Groups in a society are arranged in hierarchy depending upon its rank. All the people who occupy the same status within a society occupy a single stratum. Status and stratum are interlinked. Stratum is divided into units. Stratum implies equality, strata refers to inequality.
Stratification is a universal phenomenon, it occurs in every society. It rests on both social and psychological characteristics. Stratification is socially patterned or based on collective elements. It is governed by norms and sanctions. Social stratification has its own mechanisms of socialization. It is not static but dynamic. Stratification is a product of history. All strata in a society are articulated in a systematic way with their function.
Forms of Social Stratification
Social stratification assumes different forms in different societies on different criteria. These forms are slavery, estate, class and caste.
Slavery is the earliest form of social stratification. It is the legally recognized division of society into slaves and citizens. Citizens have the citizenship rights whereas the slaves doesn’t have citizenship rights. It existed in most of the parts of Europe and other ancient nations between 500 BC to 600 BC.
Estate is a later form of social stratification. Estates were owned by the feudal. They were established in the Europe in seventh century and they lasted into the sixteenth century. Estates include serfs and clergy. Serfs are the commoners and clergy comprises the feudal.
Social class had its origin in the feudal estates of Europe. Classes are the consequences of economic factors. According to Marx the ownership of the means of production is the crucial factor that shapes the class system. Those who own the means of production like land and capital, form one class and those who do not, form another class. Marx believe that throughout human history only two classes have appeared, those are Lord - Slave in ancient society, Landlords - Peasants in feudal and agrarian society and Bourgeois - proletariat in capitalist industrial societies.
Max Weber disagreed with the Karl Marx. According to him there are more than two classes. He said that class system emerges when economic status, social status and political status and political power converge into what he called Status Crystallization.

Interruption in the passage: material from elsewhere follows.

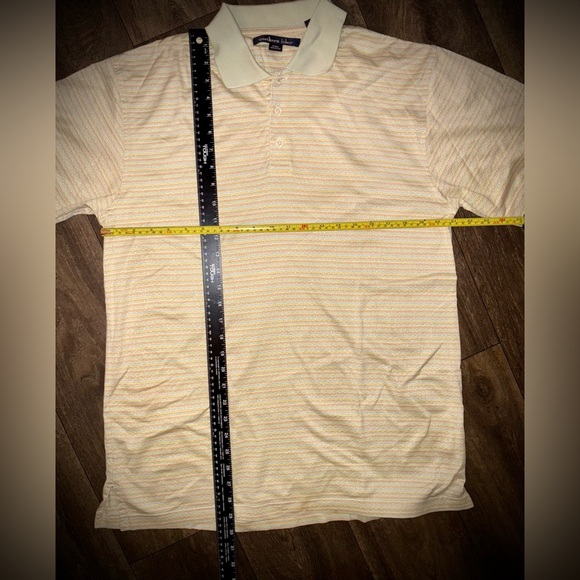 Men’s Northern Isles Classic Polo Medium - Picture 3 of 6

Caste is the social stratification which exists only in India. It is a system of classification which states that a person born into a particular position in a society and that no action on his/her part in raise or lower that position. The term caste is derived from the Portuguese word ‘casta’ which means a group. When an individual born into a caste he remains to be a member of the same caste forever, it is an ascribed group. Each caste has a name and is endogamous, the membership is by birth. Castes are arranged in hierarchy and each caste have a fixed occupation.